What you should do:
Retype the entries, please, from their first line to the line containing "Ford | New Holland", exactly and only those lines, minus the pictures.

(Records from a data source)

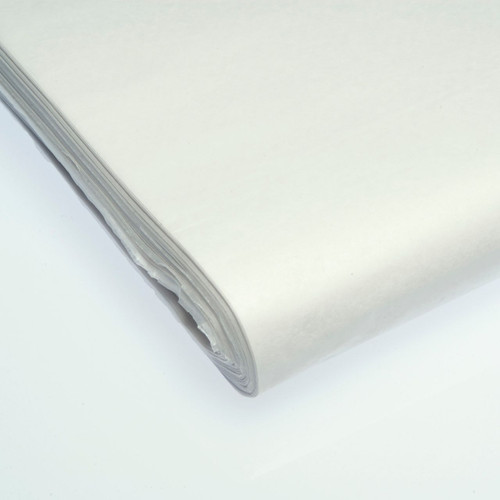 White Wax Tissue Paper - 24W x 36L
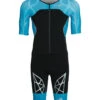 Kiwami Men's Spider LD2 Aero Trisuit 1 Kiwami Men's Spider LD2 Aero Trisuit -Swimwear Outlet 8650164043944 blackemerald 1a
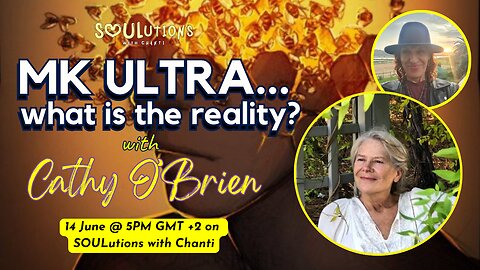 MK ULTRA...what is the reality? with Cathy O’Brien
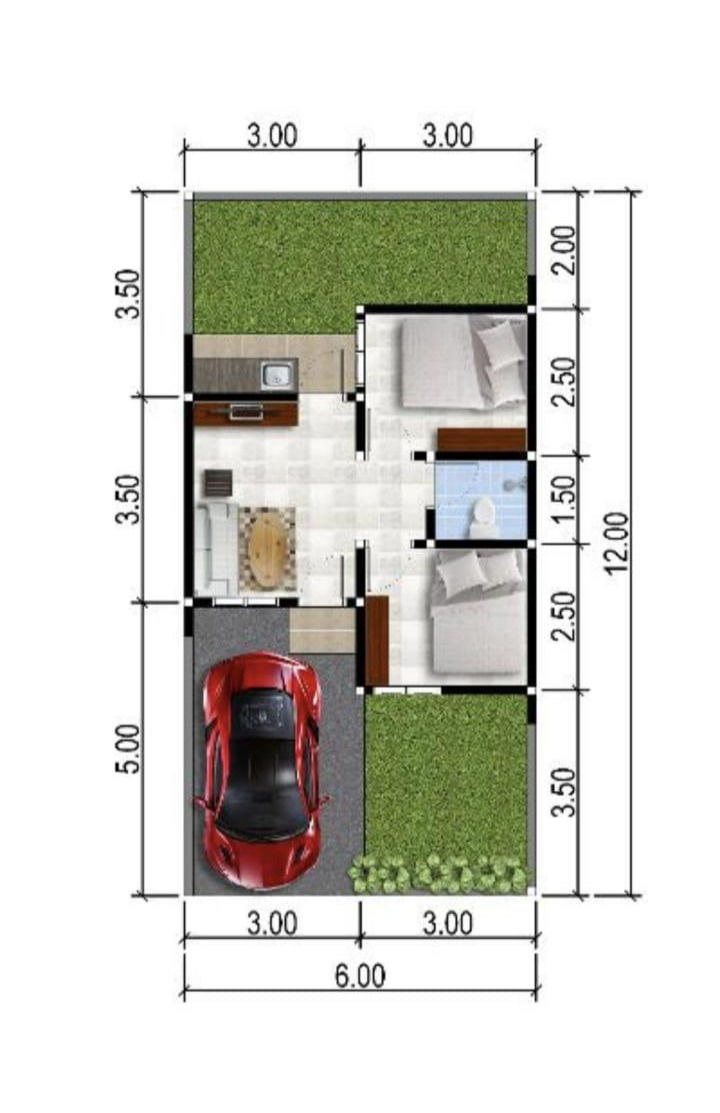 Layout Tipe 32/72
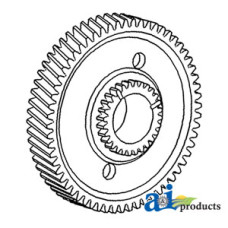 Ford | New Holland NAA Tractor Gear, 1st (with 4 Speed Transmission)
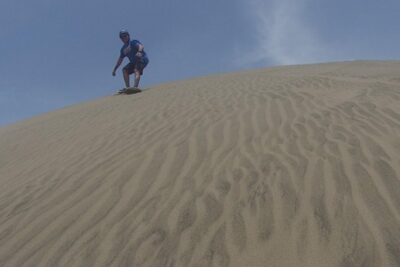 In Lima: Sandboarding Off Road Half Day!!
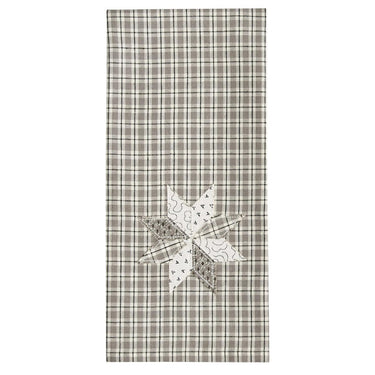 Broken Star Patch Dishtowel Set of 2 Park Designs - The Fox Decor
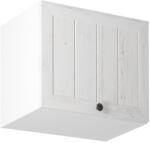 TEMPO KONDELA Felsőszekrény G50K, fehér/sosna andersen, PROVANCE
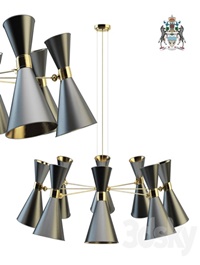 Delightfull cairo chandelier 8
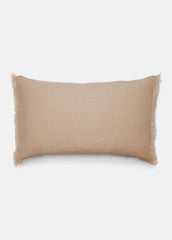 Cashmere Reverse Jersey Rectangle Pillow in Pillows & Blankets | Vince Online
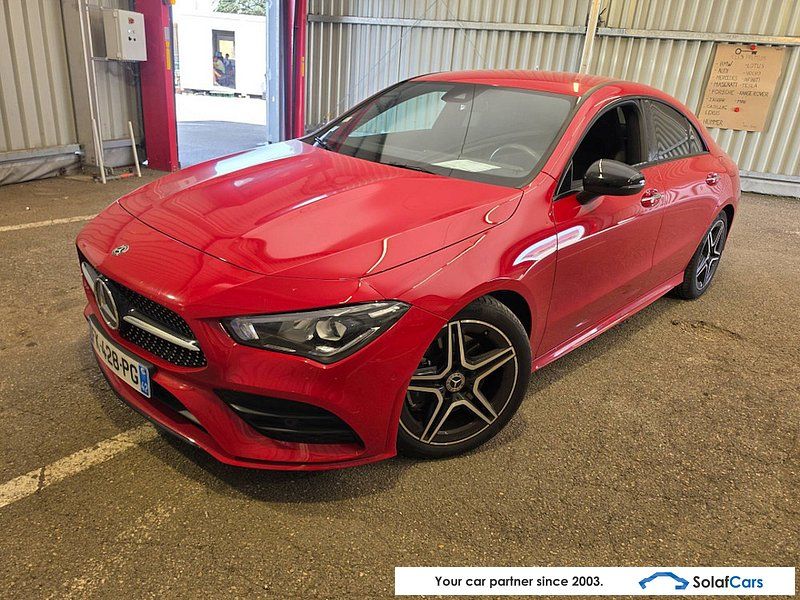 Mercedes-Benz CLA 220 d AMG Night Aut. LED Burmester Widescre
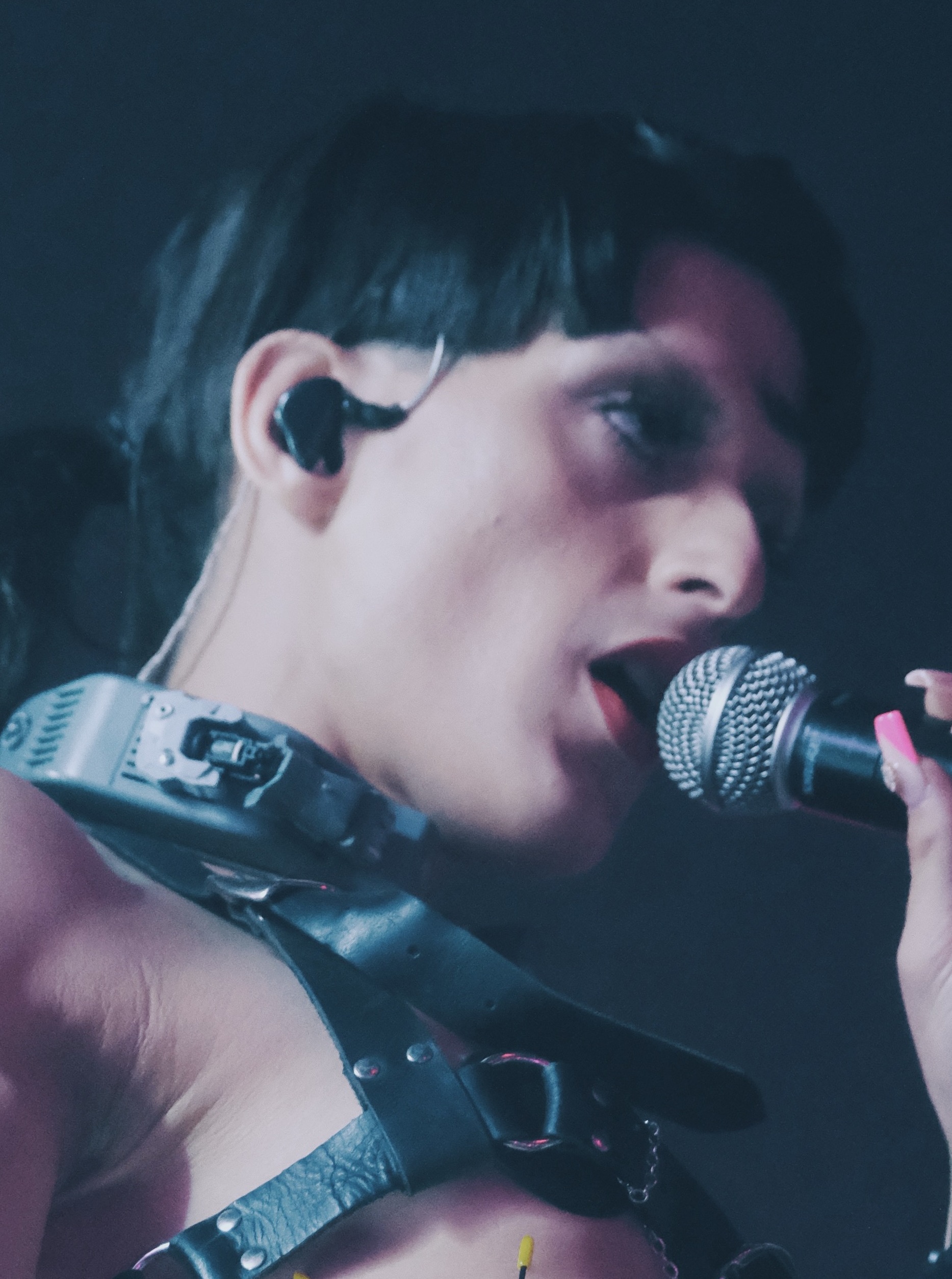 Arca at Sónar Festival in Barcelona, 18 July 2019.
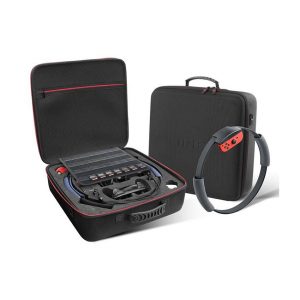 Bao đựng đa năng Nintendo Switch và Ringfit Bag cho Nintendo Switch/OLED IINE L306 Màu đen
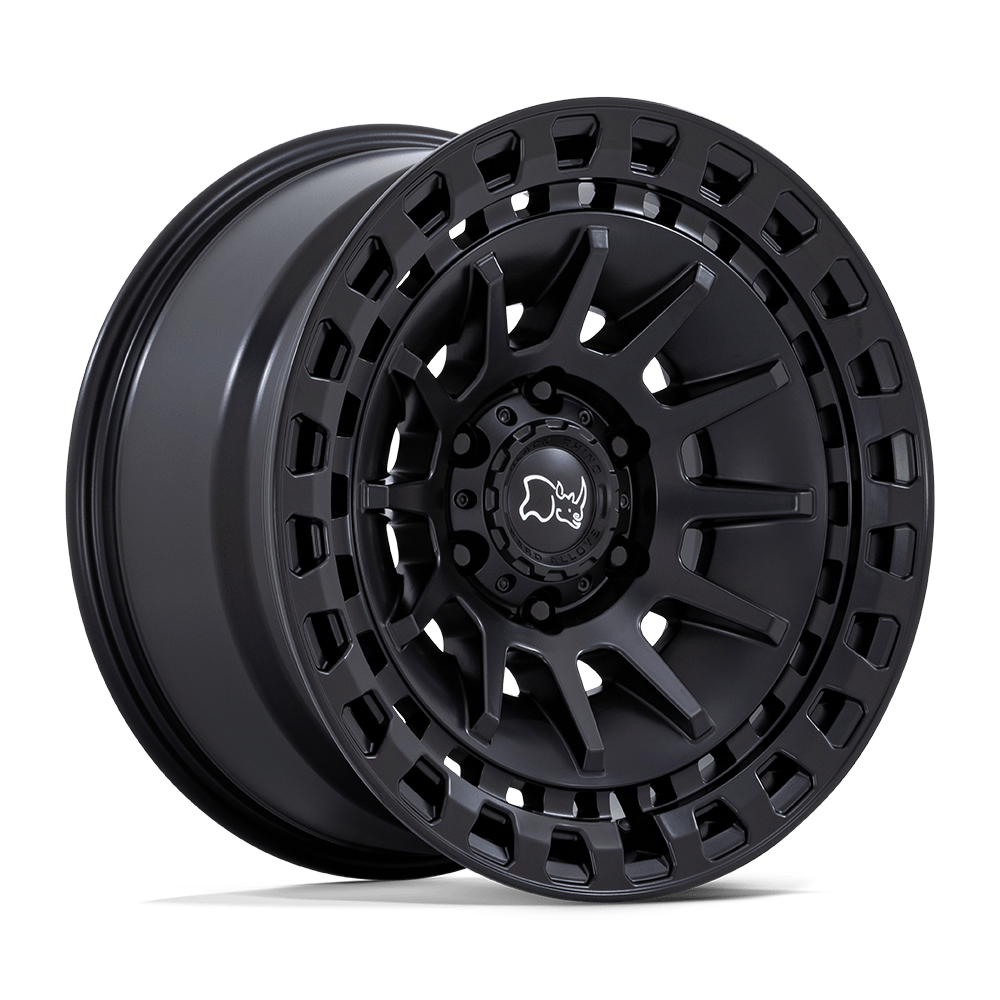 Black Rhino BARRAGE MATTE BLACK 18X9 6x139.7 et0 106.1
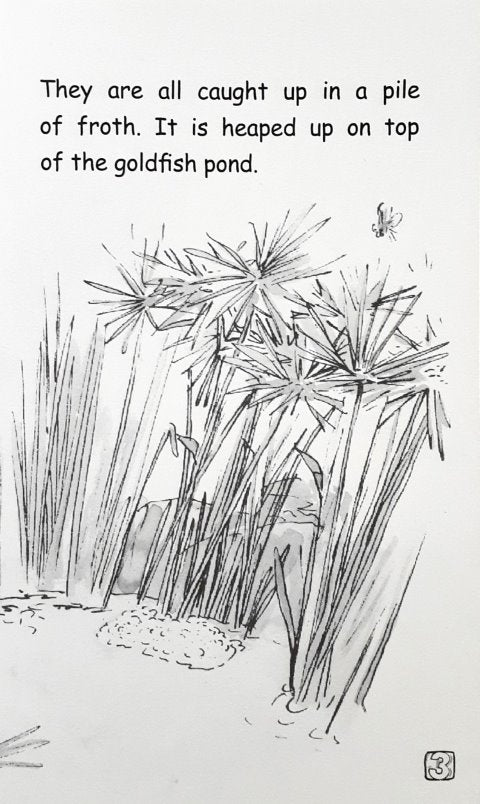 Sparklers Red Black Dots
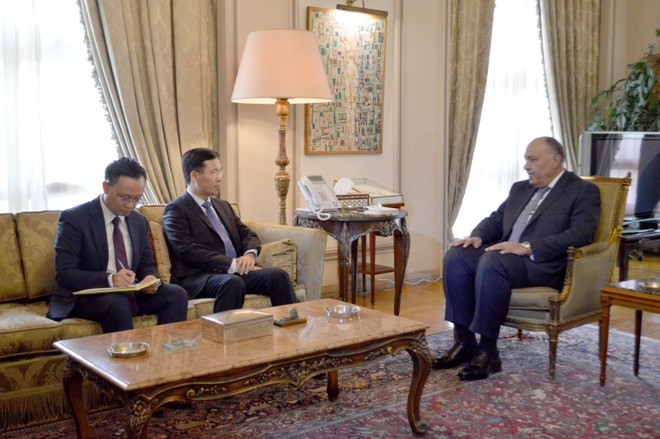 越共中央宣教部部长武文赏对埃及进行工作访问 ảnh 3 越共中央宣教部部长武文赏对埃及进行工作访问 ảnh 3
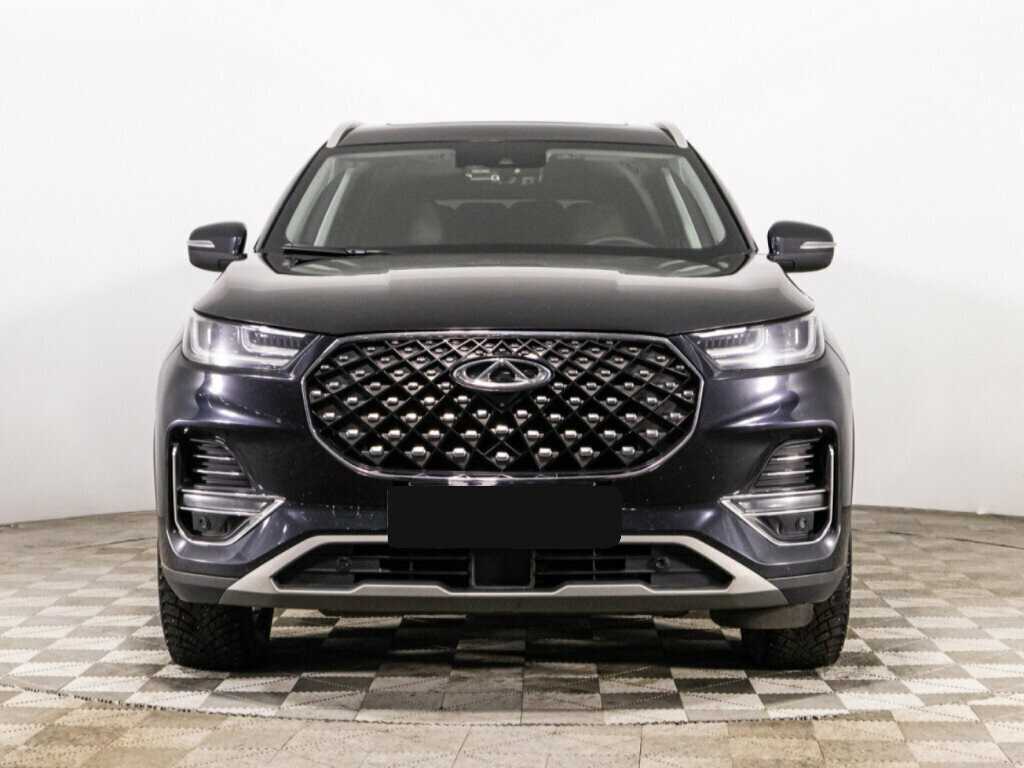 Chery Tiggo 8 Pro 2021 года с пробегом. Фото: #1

Response box:
 White Wax Tissue Paper - 24W x 36L
 Kiwami Men's Spider LD2 Aero Trisuit 1 Kiwami Men's Spider LD2 Aero Trisuit -Swimwear Outlet 8650164043944 blackemerald 1a
 MK ULTRA...what is the reality? with Cathy O’Brien
 Layout Tipe 32/72
 Ford | New Holland NAA Tractor Gear, 1st (with 4 Speed Transmission)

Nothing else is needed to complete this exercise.